Costa: l’unione dei siciliani? Può attendere

Cosa ha sortito l’appello che ho lanciato il 12 luglio? Un risultato importante ma anche una fotografia dello stato in cui si trova la politica siciliana.

Il risultato importante è dato dall’adesione ufficiale o delle larghe simpatie che lo hanno circondato in moltissime forze politiche, anche della più varia estrazione. I punti di quell’appello, ricordiamolo, erano 12. Ma, sintetizzando al massimo, da quei punti emergevano quattro domande politiche fondamentali che non sarà ormai facile eludere da questa campagna elettorale.

Di fronte all’aggressione premeditata e criminale da parte dei media italiani contro la Sicilia, gran parte della Sicilia risponde non cadendo nella trappola centralista e colonialista che ci stanno tendendo. Ieri su canale 5 una trasmissione vergognosa, l’ennesima, ha vomitato bugie, anzi calunnie gratuite, contro la Sicilia e le istituzioni siciliane senza possibilità alcuna di contraddittorio. Non entro nel merito perché ci vorrebbe un altro editoriale, ma basti dire che la controparte era Sasà Salvaggio, un comico, che non può avere le competenze per rispondere, e un conduttore siciliano soltanto all’anagrafe che vende volentieri la propria Terra in cambio di un posto al sole. Roba da interessare la magistratura e la Corte Europea dei Diritti dell’Uomo per aggressione interna contro una comunità politica autonoma.

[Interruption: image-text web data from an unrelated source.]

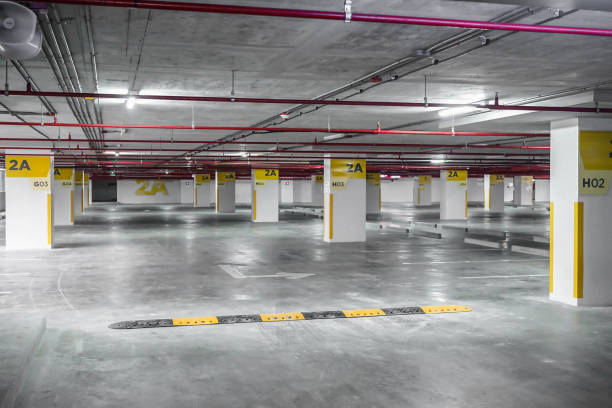 istock Empty space car parking in the building in the afternoon time 1211108950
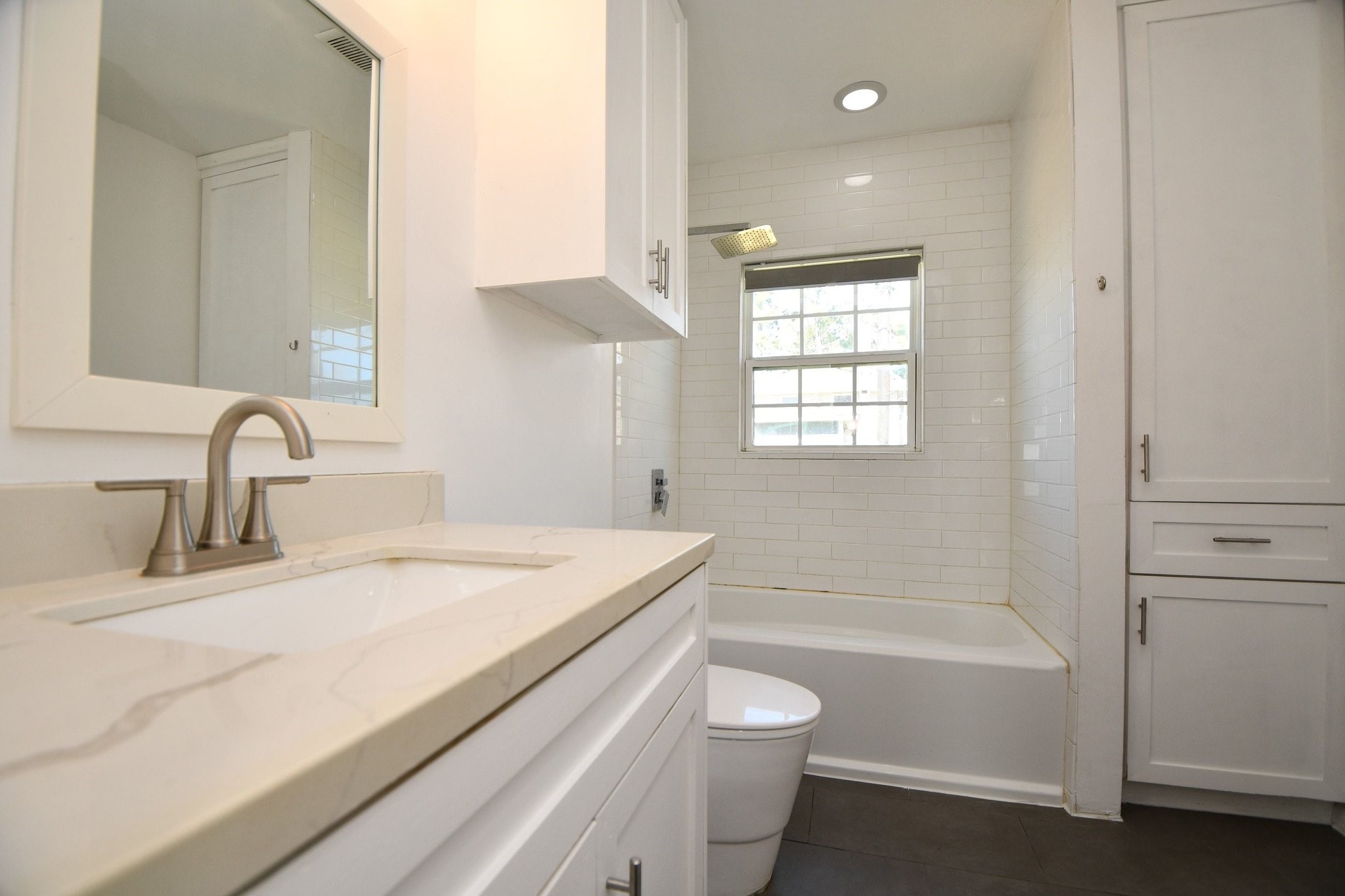 3803 Arbor Street Houston, TX 77004 - Photo 16 of 19 This bathroom features a sleek design with a white vanity and modern faucet, complemented by a subway-tiled shower and bathtub. A window provides natural light, and there’s ample cabinet storage.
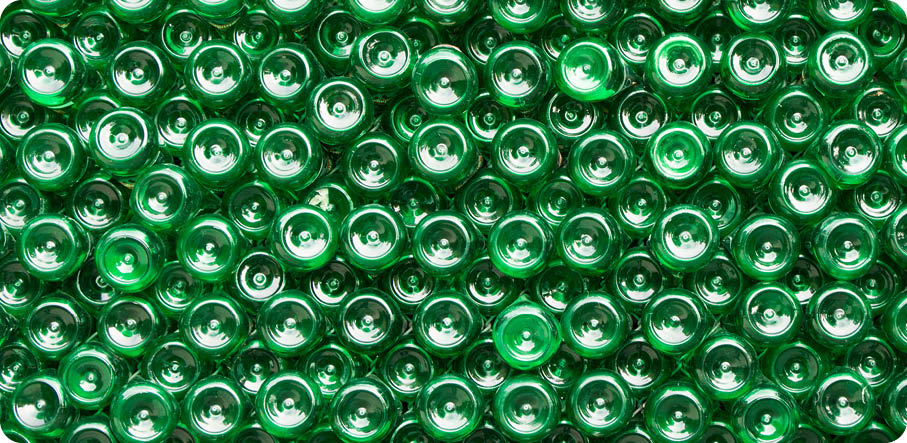 Bottling plant - Water bottling line for processing and bottling pure spring water into green glass bottles  Selective focus 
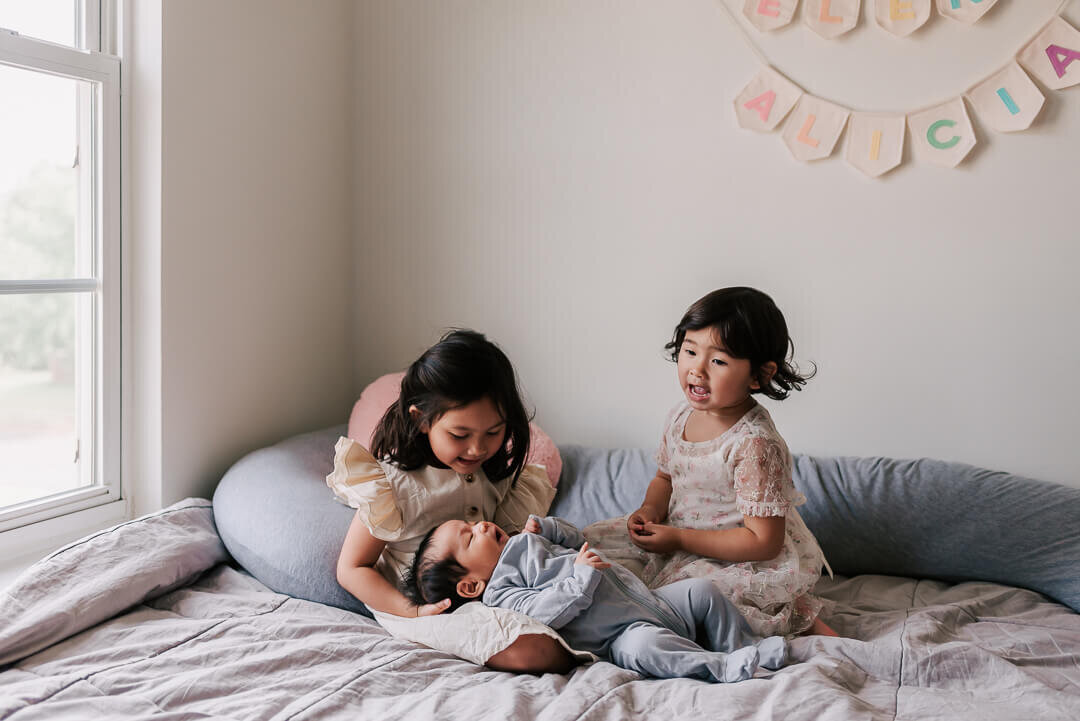 Two big sisters singing a song to their new baby brother, taken by Northern VA newborn photographer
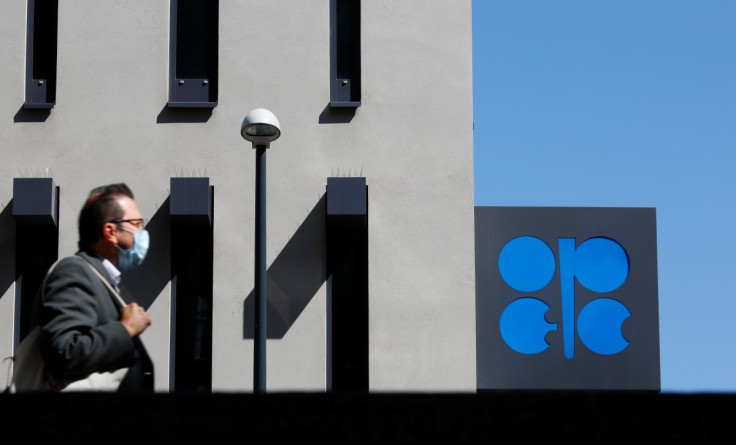 A person passes the logo of the Organization of the Petroleoum Exporting Countries (OPEC) in front of OPEC's headquarters in Vienna, Austria April 9, 2020.  
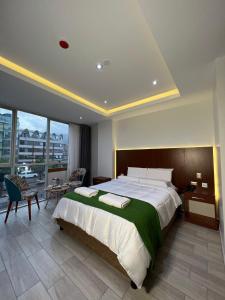 Cama ou camas em um quarto em EL ALAMO, EJECUTIVO Y SPA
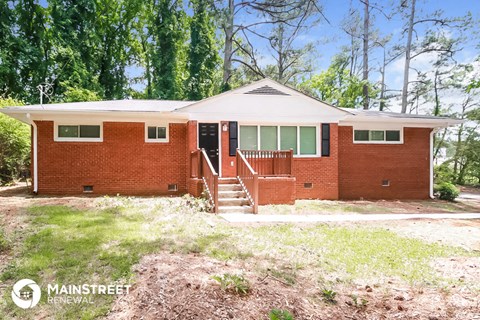 a small brick house with a porch and stairs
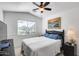 Bright bedroom with large window, ceiling fan, and neutral décor at 24204 N 27Th Pl, Phoenix, AZ 85024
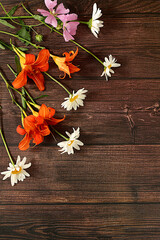 Flowers of lilies, daisies and hollyhocks on an old wooden background, summer and autumn banner for product advertising, abstract floral arrangement, rustic style, holiday card,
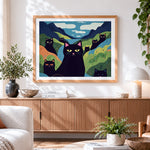 Finished quirky black cats in a colourful valley cross stitch artwork displayed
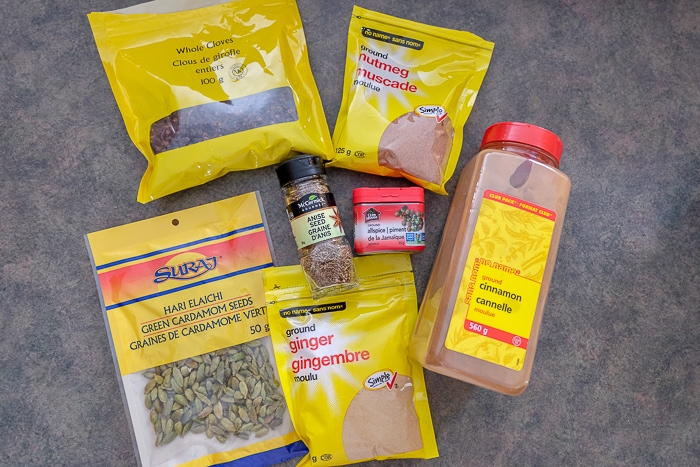 various yellow packages of assorted spices on counter for gingerbread spice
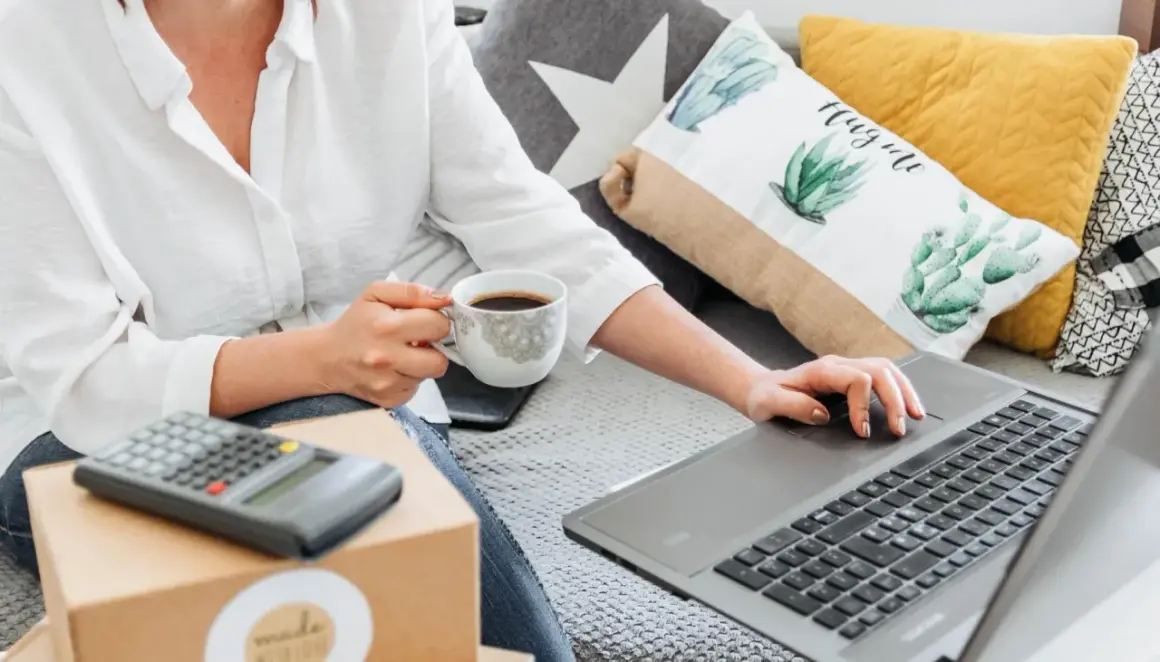 Kobieta z kawą uczy się, jak sprzedawać na OLX, korzystając z laptopa i kalkulatora.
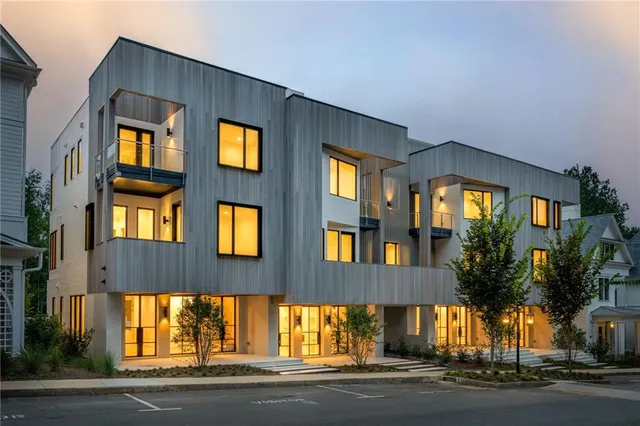 a view of brick house with a yard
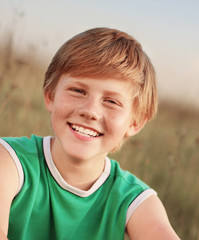 Smiling boy outdoors portrait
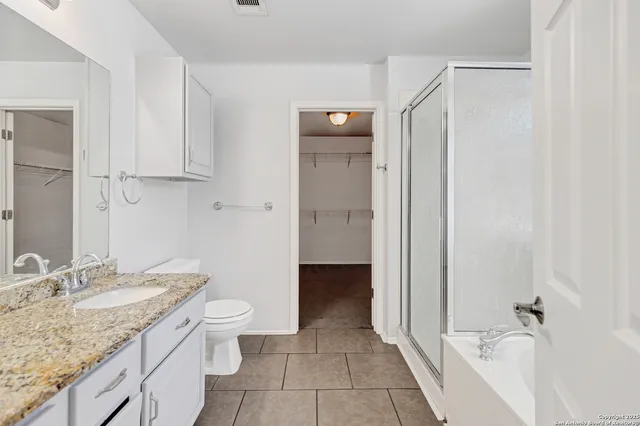a bathroom with a granite countertop sink toilet and shower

Da quello che è scaturito dopo quell’appello si lancia il segnale che non solo lo Statuto “non si tocca“, ma anche che è giunta l’ora di attuarlo. I Siciliani cominciano a conoscerlo. La Sicilia ha presentato una piattaforma, alla cui stesura ho contribuito io stesso, con cui si inizia a parlare seriamente di attuazione. Se la risposta del Governo è questo bombardamento militare credo che abbiano fatto male i loro conti.

Ma non solo questo emerge da quell’appello e dal sostegno che è seguito. L’avvertimento è anche contro le politiche europee deflattive e non meno criminali. La “polemica” sulla moneta regionale, che ormai vuoi o non vuoi è entrata anch’essa nel dibattito politico, va inserita in quest’ambito come il rifiuto netto delle politiche di tagli indiscriminati (anche se chiamati in inglese, per fare “meno impressione”) o della tassazione dissennata finanche dell’aria che respiriamo. Sarà difficile sostenere in Sicilia che le politiche di Monti sono un toccasana, Ma lasciamo al PD e all’UDC questo ingrato compito.

Emerge anche una richiesta di stoppare tanto ogni forma di sfruttamento esterno quanto ogni forma di assistenzialismo, corruzione e clientelismo interni. Insomma la traccia per un’agenda politica di liberazione della Sicilia appare segnata, anche se declinata diversamente dalle diverse forze politiche. E questo mi pare il risultato tangibile più importante di quest’ultimo mese di politica siciliana.

Quello che invece non è riuscito del tutto è la traduzione di questo consenso nella costituzione di un soggetto politico unitario, di una vera Unione dei Siciliani. C’è stata un’aggregazione – è vero – ma in tre o quattro “zolle”, più o meno incompatibil fra di loro. Probabilmente oggi ciò è tutto quello che si può chiedere alla politica siciliana. Accontentiamoci dunque. Ci sono tre o quattro “cartelli” che fanno propri i valori di quell’appello, ma che restano inconciliabili fra di loro, essenzialmente per tre motivi.

Il primo è una banale questione di leadership. C’è chi vuole fare il Presidente, e non lascerebbe mai e poi mai a qualcun altro questo onore.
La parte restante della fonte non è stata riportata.